Mitsuori Architects renovated and expanded a venerable Victorian house to accommodate a growing and energetic family. The double-height stairwell, just adjacent the kitchen, marks the transition from the historic building to the new renovation. A skylight pulls sunlight from above into the home office below.
Architect Jim Garrison of Brooklyn-based Garrison Architects designed a lakeside retreat that takes on an X formation, with one end of the X equipped with floor-to-ceiling glass windows overlooking the water.The cross-section of the X, just off the kitchen, is outfitted with a cantilevered multi-use table and topped by a glass connector above. “This makes the building seem larger, allows the outside to come in and makes for an interesting situation architecturally,” says Garrison.
Thanks to Matthew Hufft, their envelope-pushing architect and longtime friend, Hannah and Paul Catlett have a new home in southwestern Missouri that’s a fresh, unconventional take on the traditional farmhouse. The homeowners call the house Porch House after it's majestic wraparound porch, with a 2,800-square- foot L-shaped structure featuring a huge cantilevered overhang and a wide wraparound porch.
Dekleva Gregorič Architects turned a former utility building into a stylish, self-sufficient home with a downstairs living space and bathroom linked to two upstairs bedrooms by a sculptural, custom-designed black iron staircase. The central, welded-iron staircase is the house’s most striking contemporary feature. Beyond it, more large sliding doors conceal extra storage and the home entertainment system.
A 4,200-square-foot house near the coast of El Salvador captures the best of its striking setting—filled with sunlight, invigorating breezes, and sweeping views of lush woodlands. Architect José Roberto Paredes’s crowning achievement is the freestanding concrete roof that wraps around the structure. Paredes’s concept was to radiate rooms from a courtyard and join them with outdoor terraces—a move he borrowed from the traditional Moorish buildings he visited in Spain as a student. “It’s like a checkerboard of a house, where you have living spaces and patios between them,” says Paredes.

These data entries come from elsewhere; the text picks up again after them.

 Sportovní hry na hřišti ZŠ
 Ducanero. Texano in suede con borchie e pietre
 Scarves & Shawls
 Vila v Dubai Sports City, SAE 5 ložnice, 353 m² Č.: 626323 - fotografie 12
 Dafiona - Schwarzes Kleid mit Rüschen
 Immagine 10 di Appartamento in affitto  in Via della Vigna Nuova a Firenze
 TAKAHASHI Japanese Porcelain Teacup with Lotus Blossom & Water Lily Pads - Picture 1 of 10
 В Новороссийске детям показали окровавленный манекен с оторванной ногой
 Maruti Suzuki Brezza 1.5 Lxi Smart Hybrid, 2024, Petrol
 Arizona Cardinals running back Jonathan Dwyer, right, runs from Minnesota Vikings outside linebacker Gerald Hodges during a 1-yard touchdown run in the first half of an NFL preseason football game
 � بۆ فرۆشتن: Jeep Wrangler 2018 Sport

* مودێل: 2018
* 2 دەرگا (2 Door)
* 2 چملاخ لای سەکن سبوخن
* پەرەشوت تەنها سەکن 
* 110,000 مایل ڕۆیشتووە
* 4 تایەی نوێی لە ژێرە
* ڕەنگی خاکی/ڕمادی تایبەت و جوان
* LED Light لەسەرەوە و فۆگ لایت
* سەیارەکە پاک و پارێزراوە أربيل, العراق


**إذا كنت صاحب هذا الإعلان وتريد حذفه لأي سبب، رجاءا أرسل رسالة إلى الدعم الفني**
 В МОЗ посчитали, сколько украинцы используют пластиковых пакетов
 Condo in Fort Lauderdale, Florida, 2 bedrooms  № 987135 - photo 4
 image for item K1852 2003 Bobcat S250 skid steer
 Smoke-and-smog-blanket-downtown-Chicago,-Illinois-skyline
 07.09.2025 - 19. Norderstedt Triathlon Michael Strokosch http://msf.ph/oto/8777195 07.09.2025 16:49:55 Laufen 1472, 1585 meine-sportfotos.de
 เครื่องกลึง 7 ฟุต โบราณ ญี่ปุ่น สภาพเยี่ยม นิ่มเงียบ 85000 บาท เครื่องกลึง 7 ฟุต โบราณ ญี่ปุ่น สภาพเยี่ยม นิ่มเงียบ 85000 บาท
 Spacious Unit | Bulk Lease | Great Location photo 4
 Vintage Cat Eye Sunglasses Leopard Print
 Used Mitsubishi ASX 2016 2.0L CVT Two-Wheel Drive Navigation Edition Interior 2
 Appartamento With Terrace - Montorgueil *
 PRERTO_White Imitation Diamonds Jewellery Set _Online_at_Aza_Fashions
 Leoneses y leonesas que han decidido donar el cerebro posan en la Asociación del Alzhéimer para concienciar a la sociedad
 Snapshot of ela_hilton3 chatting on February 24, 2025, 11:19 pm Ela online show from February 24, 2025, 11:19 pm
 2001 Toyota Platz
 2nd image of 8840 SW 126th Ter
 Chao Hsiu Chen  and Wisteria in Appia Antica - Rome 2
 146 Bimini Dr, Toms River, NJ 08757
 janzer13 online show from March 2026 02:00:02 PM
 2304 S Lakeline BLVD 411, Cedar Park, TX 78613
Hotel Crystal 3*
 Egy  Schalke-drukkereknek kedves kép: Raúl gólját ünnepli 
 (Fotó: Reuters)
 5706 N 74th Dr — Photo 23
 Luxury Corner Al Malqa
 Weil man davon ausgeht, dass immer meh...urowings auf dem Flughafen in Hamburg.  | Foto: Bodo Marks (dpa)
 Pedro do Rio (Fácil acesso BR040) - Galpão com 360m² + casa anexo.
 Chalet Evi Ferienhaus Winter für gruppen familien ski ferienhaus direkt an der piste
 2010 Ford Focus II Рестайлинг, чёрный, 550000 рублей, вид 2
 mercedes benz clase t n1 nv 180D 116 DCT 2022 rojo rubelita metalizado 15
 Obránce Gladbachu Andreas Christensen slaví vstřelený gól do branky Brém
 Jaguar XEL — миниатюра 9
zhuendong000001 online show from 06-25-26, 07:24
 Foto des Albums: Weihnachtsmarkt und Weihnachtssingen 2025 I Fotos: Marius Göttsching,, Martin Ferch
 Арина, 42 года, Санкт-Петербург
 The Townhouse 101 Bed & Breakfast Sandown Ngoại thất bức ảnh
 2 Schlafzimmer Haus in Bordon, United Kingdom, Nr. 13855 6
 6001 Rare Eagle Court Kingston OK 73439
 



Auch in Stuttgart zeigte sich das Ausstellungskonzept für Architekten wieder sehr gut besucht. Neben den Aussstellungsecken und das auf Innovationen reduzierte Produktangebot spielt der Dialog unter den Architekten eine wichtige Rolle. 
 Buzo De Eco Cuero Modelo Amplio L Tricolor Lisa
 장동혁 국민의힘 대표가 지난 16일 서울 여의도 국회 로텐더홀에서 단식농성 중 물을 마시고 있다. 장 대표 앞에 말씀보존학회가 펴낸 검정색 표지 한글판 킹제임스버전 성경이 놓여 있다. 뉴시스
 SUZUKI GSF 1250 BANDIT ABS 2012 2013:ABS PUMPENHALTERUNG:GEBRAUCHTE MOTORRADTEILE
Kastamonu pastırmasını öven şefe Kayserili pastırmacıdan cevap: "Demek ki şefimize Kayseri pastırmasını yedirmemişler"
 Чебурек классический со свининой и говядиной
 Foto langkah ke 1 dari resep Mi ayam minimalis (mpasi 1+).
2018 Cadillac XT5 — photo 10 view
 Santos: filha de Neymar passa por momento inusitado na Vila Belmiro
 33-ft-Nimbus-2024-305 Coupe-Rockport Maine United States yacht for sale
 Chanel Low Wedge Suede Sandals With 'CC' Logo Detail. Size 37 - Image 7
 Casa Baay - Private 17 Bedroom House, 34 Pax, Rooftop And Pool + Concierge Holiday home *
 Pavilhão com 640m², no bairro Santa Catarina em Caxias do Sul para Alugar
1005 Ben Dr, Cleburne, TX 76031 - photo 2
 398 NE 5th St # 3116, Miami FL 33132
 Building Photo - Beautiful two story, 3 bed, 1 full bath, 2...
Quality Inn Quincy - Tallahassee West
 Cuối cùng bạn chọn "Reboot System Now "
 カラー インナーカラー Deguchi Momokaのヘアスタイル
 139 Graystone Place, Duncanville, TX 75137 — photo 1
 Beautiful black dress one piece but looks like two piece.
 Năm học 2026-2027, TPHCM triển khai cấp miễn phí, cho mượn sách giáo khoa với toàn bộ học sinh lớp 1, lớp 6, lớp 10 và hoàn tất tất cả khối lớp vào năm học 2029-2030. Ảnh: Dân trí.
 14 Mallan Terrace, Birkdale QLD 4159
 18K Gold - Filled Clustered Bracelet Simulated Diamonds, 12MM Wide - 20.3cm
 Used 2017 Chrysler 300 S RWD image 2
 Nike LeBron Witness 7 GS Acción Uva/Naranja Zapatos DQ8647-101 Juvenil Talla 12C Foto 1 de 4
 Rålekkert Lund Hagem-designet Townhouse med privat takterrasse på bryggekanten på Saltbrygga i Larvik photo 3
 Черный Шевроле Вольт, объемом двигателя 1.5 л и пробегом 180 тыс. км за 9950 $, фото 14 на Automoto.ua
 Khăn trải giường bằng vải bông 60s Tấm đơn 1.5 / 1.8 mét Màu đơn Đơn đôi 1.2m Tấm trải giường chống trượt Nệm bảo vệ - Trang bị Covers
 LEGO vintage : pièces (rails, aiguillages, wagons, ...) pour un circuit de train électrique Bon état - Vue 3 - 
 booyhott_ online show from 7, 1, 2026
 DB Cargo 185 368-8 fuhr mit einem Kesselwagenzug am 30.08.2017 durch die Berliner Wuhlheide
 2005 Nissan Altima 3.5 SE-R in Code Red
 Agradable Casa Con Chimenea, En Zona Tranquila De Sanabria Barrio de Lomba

Architect Preston Scott Cohen resurrected an early 1800s barn as a vacation home for a literary couple and their family, calling to mind both the agrarian spaciousness of the structure’s former life and the vernacular of its new function as a house. "We didn't want to diminish the openness and height and feeling of a great expanse of space," said the owner of this resurrected 19th-century barn house in Pine Plains, New York. The barn frame's horizontal beams perform a domestic function by creating the illusion of a lower ceiling.
Owner and Chef Alfredo Oropeza wanted the kitchen to be the heart of his house. The ground level of this high-design vacation home in Mexico City is completely exposed to the outdoors. By saving money on building materials elsewhere in the project, Castillo was able to indulge in cabinetry by Porcelanosa, bar stools by Ligne Roset, and a granite island, making this the crème de la crème of kitchens.